The Washington Times
July 24, 1995, Monday,
BYLINE: James Morrison; THE WASHINGTON TIMES
The ambassador from Cyprus is cheering last week's passage of a House resolution that calls for demilitarization of the divided island, viewed as a slap at Turkey, which garrisons thousands of troops on the Turkish Cypriot side.
A vote is expected soon on a similar resolution in the Senate. Ambassador Andrew Jacovides said, "All in all we have good reason to be satisfied with the support of these positions in the U.S. Congress. . . . The struggle for restoring justice to Cyprus continues on all fronts. . . ."
The House International Relations Committee passed the resolution on a vote of 24 to 6 last week, and Mr. Jacovides said the measure already has the endorsement of 73 members of the full House. The resolution calls for the "ultimate and total" withdrawal of Turkish forces.
The Cyprus News Agency quoted Rep. Robert Torricelli, New Jersey Democrat, as saying the "road to a settlement continues to lead to Ankara, and it is there that it has failed." "Political observers in Washington interpreted this resolution as a strong showing of congressional anger at the continued presence for 21 years of Turkish occupation forces in Cyprus," the agency said.
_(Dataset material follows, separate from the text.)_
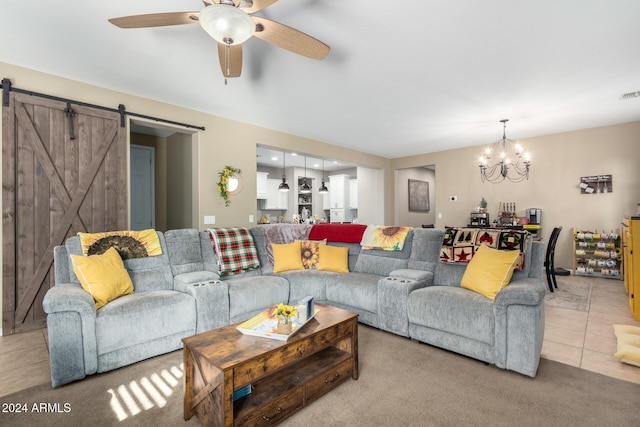 carpeted living room with a barn door and ceiling fan with notable chandelier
Turkish Ambassador Nuzhet Kandemir was out of town and could not be reached for comment. Namik Korhan, the Washington representative from the self-styled Turkish Republic of Northern Cyprus, said the blame should not be put on Turkey. He said residents of northern Cyprus consider the Turkish troops to be their protectors rather than occupiers. Mr. Korhan said Turkish Cypriots "are not against the demilitarization of the island, but we fear from the past." He said they want the Turkish troops to stay until a settlement is reached with the Cypriot government. Mr. Korhan said Congress does not understand the depths of the feelings on the Turkish side. "As long as Congress sees the problem as one of invasion and occupation, it will never be solved," he said.